Hadley Wickham explains his unconventional (and good, in my opinion) sequencing of topics in R for Data Science:

Starting with data ingest and tidying is sub-optimal because 80% of the time it’s routine and boring, and the other 20% of the time it’s weird and frustrating. That’s a bad place to start learning a new subject! Instead, we’ll start with visualisation and transformation of data that’s already been imported and tidied. That way, when you ingest and tidy your own data, your motivation will stay high because you know the pain is worth it.

Maximize the reward by starting with the highest-yield, most-compelling stuff.  Begin by teaching students to count and chart, or to do the things that got them interested in R – not by lecturing on R’s object classes!

2. Have a headache

Math teacher Dan Meyer asks, “if math is the aspirin, what’s the headache?” The same goes for learning R (and maybe anything): students will learn more when they have a problem they want to solve with R.  This is a powerful reward!  If a student already has a headache, good.  Go solve that problem and you’ll learn R in the process.  (Ideally your first problem will not be too complicated).

I first tried R when I wanted to calculate the median of a variable, for each combination of three other variables.  I wanted hundreds of medians and I could not do it in Excel.  The reward of solving my headache made it worthwhile to take the plunge.

If you don’t have a headache, you should get one.

Minimize the pain

It is so annoying to be a beginning R user.  Especially if you’re used to software like Excel or Tableau, where things just work.  There are a thousand stupid hurdles to trip new useRs:  installing packages, working directory problems, data ingest, obscure error messages, bad documentation…

As an advanced user, sometimes I forget about this.  Then a student shares a cryptic error message that seems to bear no relation to the problem they want to solve and I shudder.

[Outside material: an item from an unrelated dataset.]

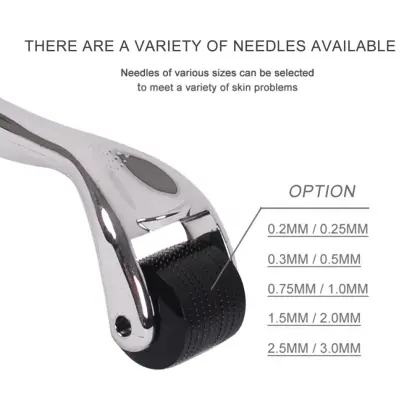 2022 Hot Sale Medical Grade Derma Roller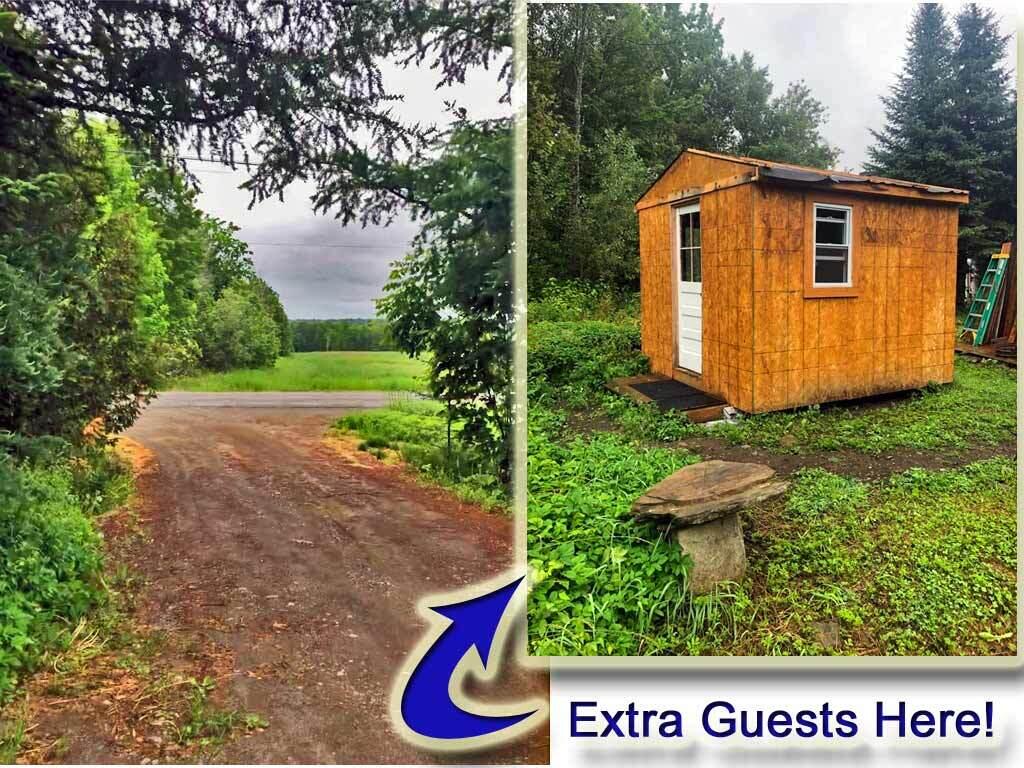 146 New Limerick Road Linneus, ME 04730 - Photo 23 of 42 spring-summer-146-new-limer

To this end, I teach the tidyverse first.  Compared to base R, you’ll get usable results faster, there’s a flatter learning curve, and there are many demos online to draw from.  The apply functions have a place, sure, but throwing them at beginners is a good way to turn people off.  (Go read the documentation for ?tapply).  The [professional] students I work with do not care about lists or vector types right now; they have problems to solve.

Ways to implement this approach

The best way to learn R is to do your work in R.  Having your own problem to solve provides not only motivation, but practice, which is the key to learning anything.

If you have a skill gap between the R you know and the R you need to solve your own headache, you may need to bridge the gap with some artificial practice.  The resources below are ways to build enough scaffolding through artificial problem solving that you can start doing your own meaningful work in R.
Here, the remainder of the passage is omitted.